### DATA PROVIDED:
====================
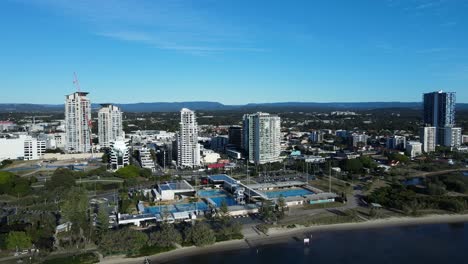 Hochschwenkender-Blick-Auf-Ein-Großes-Wassersportzentrum-An-Einer-Küstenwasserstraße-Mit-Einer-Hoch-Aufragenden-Städtischen-Skyline-Im-Hintergrund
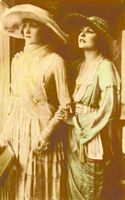 Standing portrait of Norma and Constance Talmadge in Lucile gowns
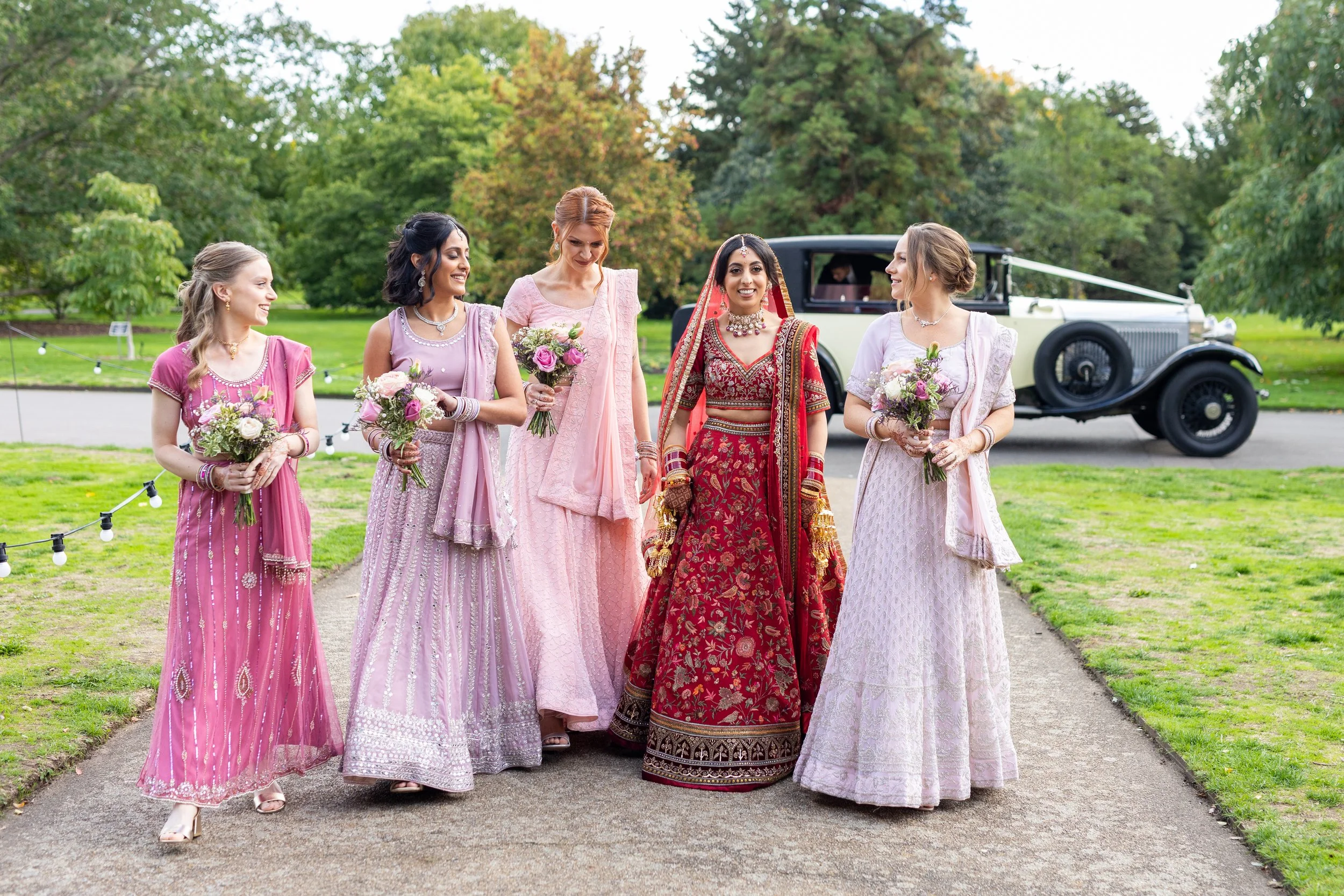 A bride in a red traditional Indian wedding dress walking with her bridesmaids in pink and purple dresses holding bouquets, in a garden with a vintage car in the background.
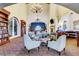 Relaxing lounge area with comfortable seating, bookshelves, and fireplace at 3717 Rocklin Peak Ave, North Las Vegas, NV 89081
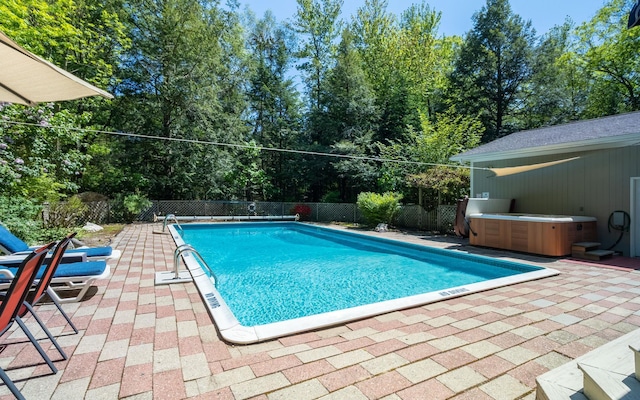 19 Brookside Dr, Falmouth, ME 04105 - view of pool featuring a hot tub, a patio, a fenced backyard, and view of wooded area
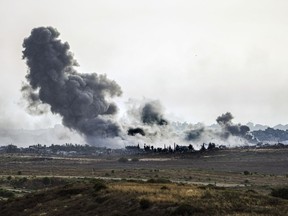 Smoke rises following an Israeli airstrike in the Gaza Strip, as seen from southern Israel, Friday, May 17, 2024.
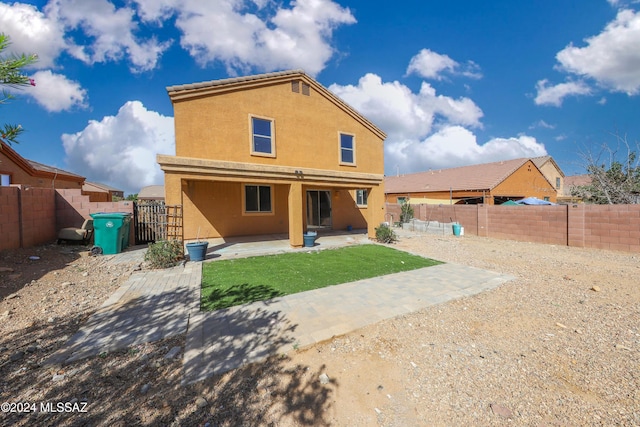 rear view of house featuring a patio area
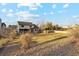 Wide angle of an expansive backyard with a lush lawn, stone patio, pergola and neutral-toned house at 9407 Dolton Way, Highlands Ranch, CO 80126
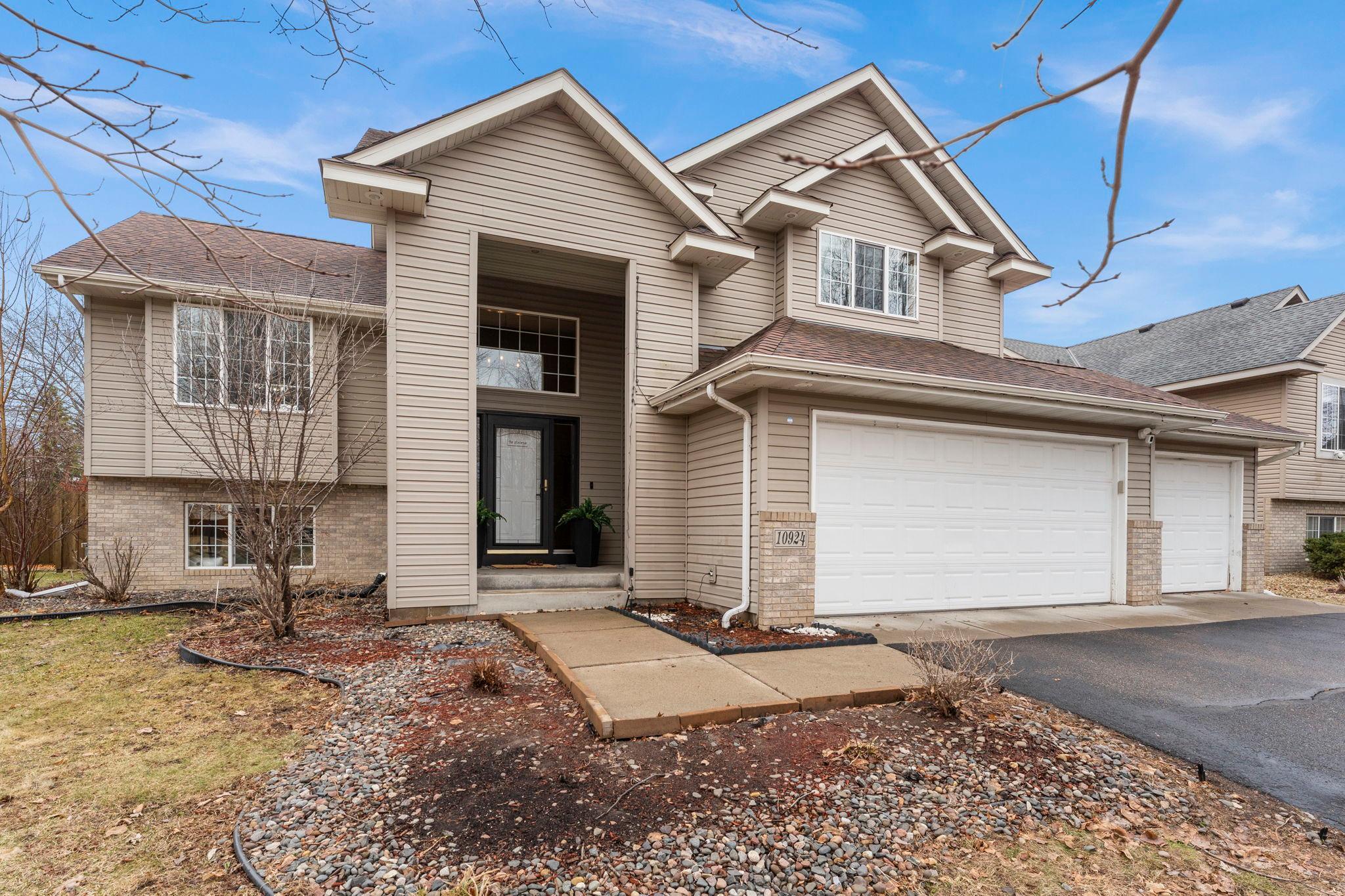 Character, space, and comfort unite in this stunning 4-bedroom, 3-bathroom Champlin home, perfectly situated near parks with quick access to major roads. The open, flowing main level impresses with vaulted ceilings, soft carpeting, and oversized windows that fill every room with light. The chef-ready kitchen shines with stainless steel appliances, a center island, stylish backsplash, and a closet pantry, seamlessly connecting to a dining area with statement lighting and walkout access to a large deck, ideal for effortless indoor-outdoor entertaining.The primary suite is a true retreat with a unique two-level layout, French door entry, plush carpeting, dual walk-in closets, and a private bath. Two additional main-level bedrooms share a full bathroom with convenient hall storage. The lower level expands your living options with a spacious family room anchored by a gas fireplace, built-in speakers, and a wet bar with beverage fridge. A fourth bedroom and full bathroom complete the lower level, along with laundry and extra storage.A 3-car garage features a third stall with double barn doors to the backyard. Large enough to fit a vehicle, oversized gear, or boat! The fully fenced yard and expansive deck create the perfect private outdoor oasis.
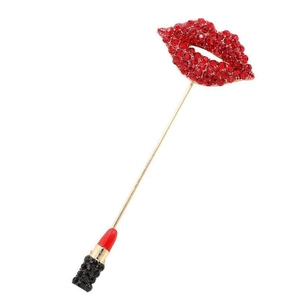 Fashionable red lips and lipstick brooch with crystals and tassel on gold long pin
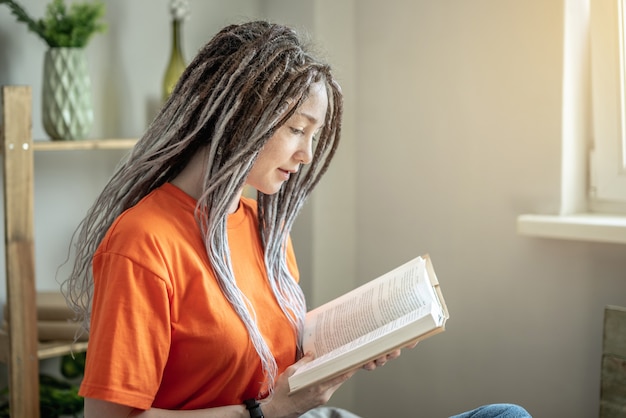 Photo young woman with dreadlocks and bright clothes is sitting and reading a book at home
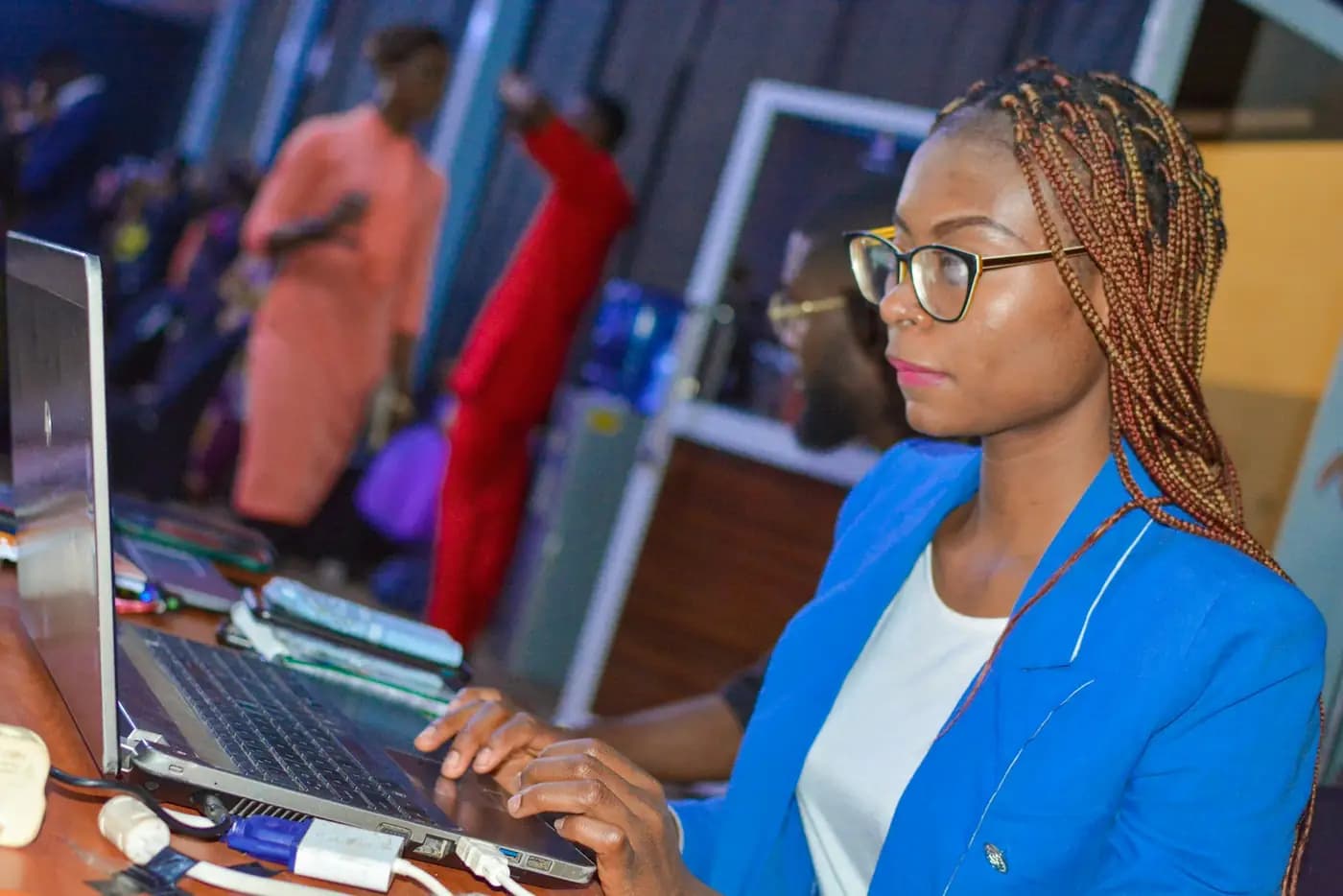 A planner working on her laptop during an event, with guests in traditional dress behind her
====================
A faithful copy of every record is needed here. Leave the images out of it.

 Hochschwenkender-Blick-Auf-Ein-Großes-Wassersportzentrum-An-Einer-Küstenwasserstraße-Mit-Einer-Hoch-Aufragenden-Städtischen-Skyline-Im-Hintergrund
 Standing portrait of Norma and Constance Talmadge in Lucile gowns
 A bride in a red traditional Indian wedding dress walking with her bridesmaids in pink and purple dresses holding bouquets, in a garden with a vintage car in the background.
 Relaxing lounge area with comfortable seating, bookshelves, and fireplace at 3717 Rocklin Peak Ave, North Las Vegas, NV 89081
 19 Brookside Dr, Falmouth, ME 04105 - view of pool featuring a hot tub, a patio, a fenced backyard, and view of wooded area
 Smoke rises following an Israeli airstrike in the Gaza Strip, as seen from southern Israel, Friday, May 17, 2024.
 rear view of house featuring a patio area
 Wide angle of an expansive backyard with a lush lawn, stone patio, pergola and neutral-toned house at 9407 Dolton Way, Highlands Ranch, CO 80126
 Character, space, and comfort unite in this stunning 4-bedroom, 3-bathroom Champlin home, perfectly situated near parks with quick access to major roads. The open, flowing main level impresses with vaulted ceilings, soft carpeting, and oversized windows that fill every room with light. The chef-ready kitchen shines with stainless steel appliances, a center island, stylish backsplash, and a closet pantry, seamlessly connecting to a dining area with statement lighting and walkout access to a large deck, ideal for effortless indoor-outdoor entertaining.The primary suite is a true retreat with a unique two-level layout, French door entry, plush carpeting, dual walk-in closets, and a private bath. Two additional main-level bedrooms share a full bathroom with convenient hall storage. The lower level expands your living options with a spacious family room anchored by a gas fireplace, built-in speakers, and a wet bar with beverage fridge. A fourth bedroom and full bathroom complete the lower level, along with laundry and extra storage.A 3-car garage features a third stall with double barn doors to the backyard. Large enough to fit a vehicle, oversized gear, or boat! The fully fenced yard and expansive deck create the perfect private outdoor oasis.
 Fashionable red lips and lipstick brooch with crystals and tassel on gold long pin
 Photo young woman with dreadlocks and bright clothes is sitting and reading a book at home
 A planner working on her laptop during an event, with guests in traditional dress behind her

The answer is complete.